Christian Belady, vice president of Microsoft’s data centre advanced development group, stands next to a two-phase immersion cooling tank at a Microsoft data centre

Lithium-ion batteries at Dublin’s data centre will support the transition to renewable energy sources

Elly Yates-Roberts |


Microsoft will use grid-interactive uninterruptible power supply (UPS) at its data centre in Dublin to provide power-grid-stabilisation services in Ireland. The initiative is part of the company’s aim to accelerate grid-decarbonisation in partnership with transmission system operator EirGrid.

The project is a result of Microsoft’s research into grid-interactive UPS, which was conducted with the help of power management company Eaton. The organisations performed proof-of-concept experiments in 2020 at a Microsoft data centre in Chicago, USA, and then continued to refine this technology at the Microsoft data centre in Quincy, Washington.

EirGrid runs a market for grid services that prioritise non-carbon-emitting solutions. Microsoft is participating in this market through Enel X, an energy services and solutions provider. 

Microsoft will equip its data centre in Dublin with a UPS featuring lithium-ion batteries. These batteries will provide backup power for the data centre in case of emergency and have been certified, tested and approved for connection to the grid when demand exceeds the supply generated by wind, solar and other sources.

More than 35 per cent of Ireland’s energy sources are currently renewable and this is expected to increase to 80 per cent by 2030. The ability to use the batteries at the data centre reduces the need to maintain spinning reserve at power plants for when renewable energy supplies do not meet demand, which lowers the emissions produced by the power sector.

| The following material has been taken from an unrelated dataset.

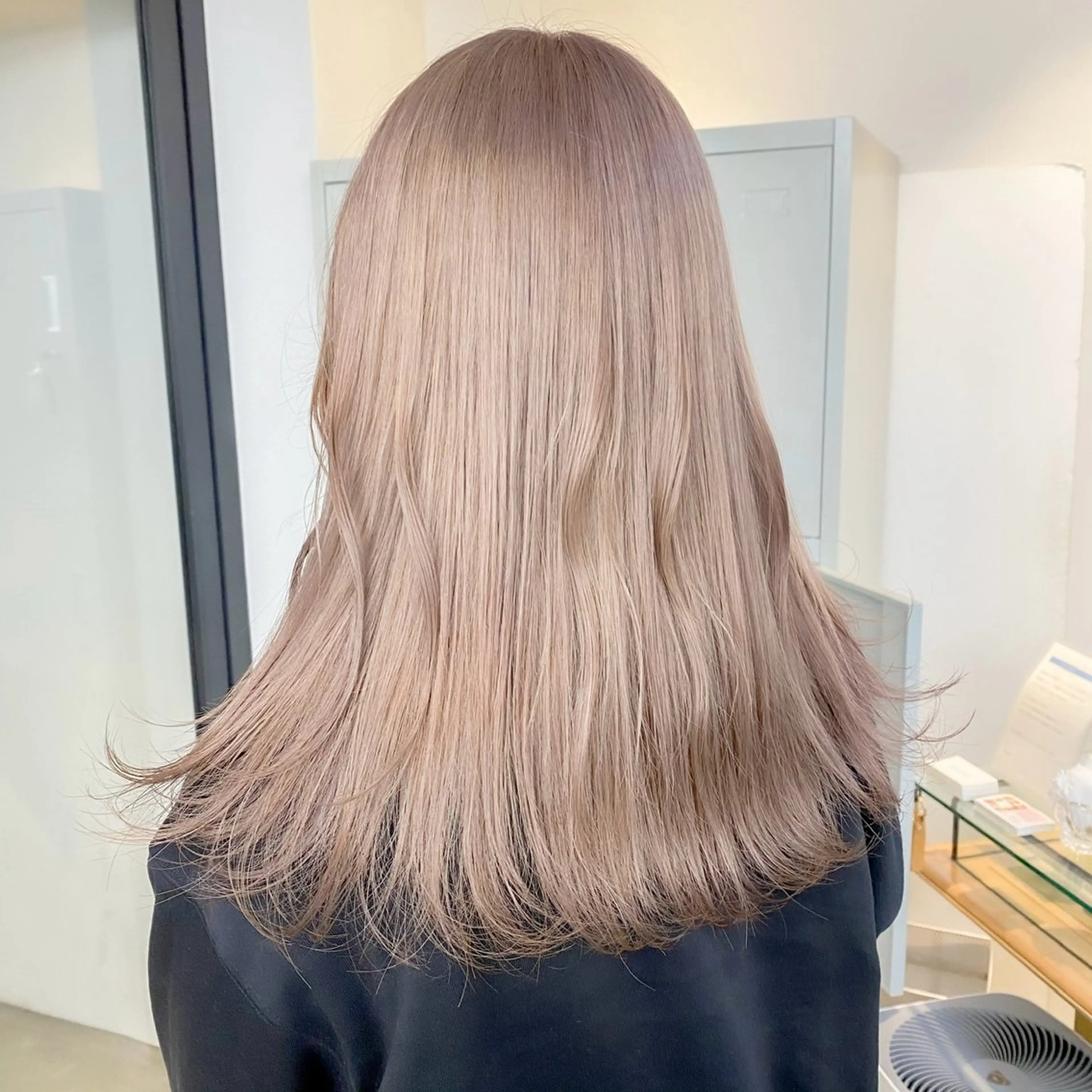 ロング ハイトーン🫧艶髪 MAIKAのヘアスタイル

“By relying on grid-interactive UPS technology for grid services, end consumers across Ireland would save tens of millions of dollars on fuel and other costs require to maintain the spinning reserve at coal and natural gas fired power plants,” said John Roach in a recent Microsoft blog.

Replacing grid services that are currently provided by fossil fuel power plants with grid-interactive UPS systems will eliminate two million metric tons of carbon dioxide emissions by 2025, according to energy advisory firm Baringa and Microsoft’s project will contribute towards this.

“We have this battery asset in the data centre that is just sitting there,” said Christian Belady, engineer and vice president of Microsoft’s data centre advanced development group. “Why don’t we offer it to the grid and come up with a dynamic way of managing it as a dual-purpose asset and thus drive more efficiency and asset utilisation? That’s what drove this win-win situation.”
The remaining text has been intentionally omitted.